Daire, 36 sanıklı davadan dosyası ayrılan sanıklar Aziz Yıldırım, Abdullah Başak, İlhan Yüksel Ekşioğlu, Ahmet Çelebi’nin beraatlerine ilişkin yerel mahkeme kararına karşı, Trabzon Kulübü Derneğinin temyiz istemini karara bağladı.
Daire, aralarında eski Fenerbahçe Başkanı Aziz Yıldırım’ın da bulunduğu 4 sanık hakkında verilen beraatleri oy birliğiyle onadı.
Dairenin kararında, iletişimin tespiti kararlarının ardından alınan ses kayıtlarının Aziz Yıldırım tarafından kabul edildiği ancak Yıldırım’ın bu ikrarının hukuka uygun şekilde tespit edilmediği belirtildi. Kararda, bu nedenle iletişimin tespiti kararlarının, suçun sübutunda delil olarak değerlendirilemeyeceği ifade edildi.

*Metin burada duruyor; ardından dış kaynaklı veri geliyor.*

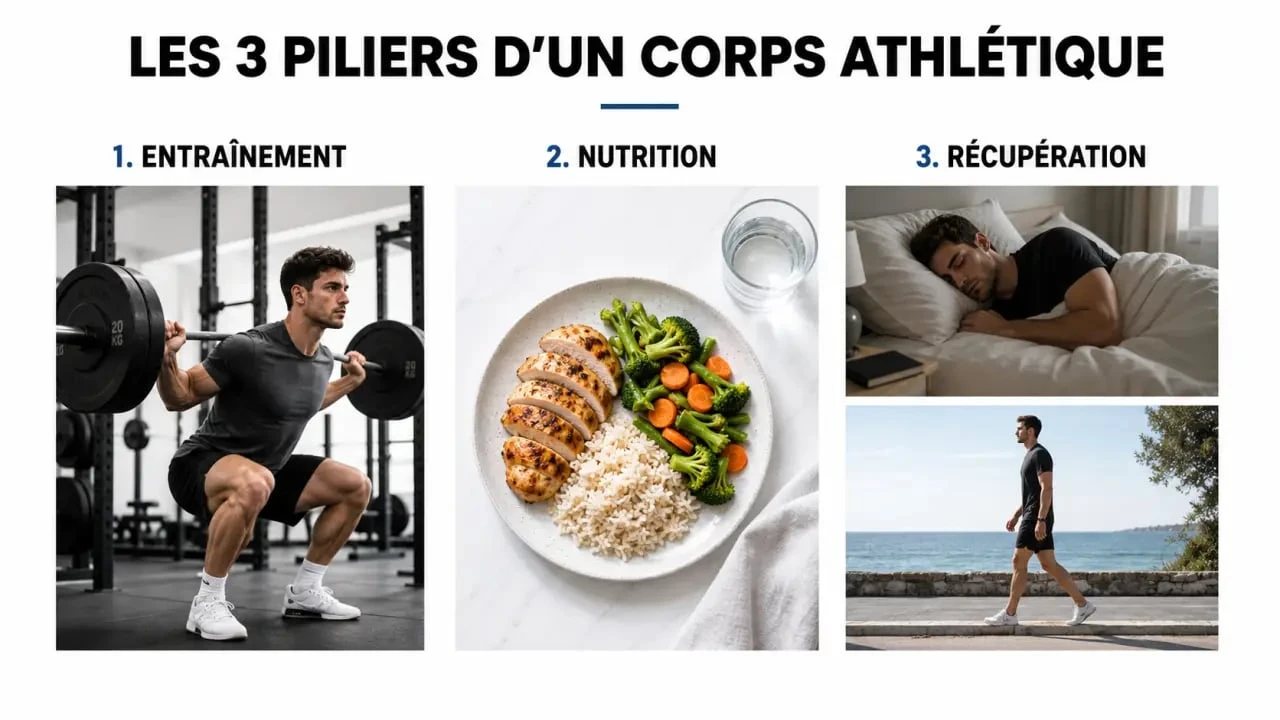 Corps athlétique : les trois piliers entraînement, nutrition et récupération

Kararda, “Hukuka aykırı nitelikteki bu deliller dışlanarak mevcut delillerin değerlendirilmesi suretiyle Aziz Yıldırım, Abdullah Başak, Ahmet Çelebi ve İlhan Yüksel Ekşioğlu’nun atılı şike ve teşvik primi suçlarından mahkumiyetlerine dair hükümlerin, Ceza Muhakemesi Kanunu’nun 323/1 maddesi gereğince iptali ve hükümlülerin isnat edilen suçlardan beraatlerine ilişkin yerel mahkeme kararlarında bir isabetsizlik görülmemiştir.” denildi.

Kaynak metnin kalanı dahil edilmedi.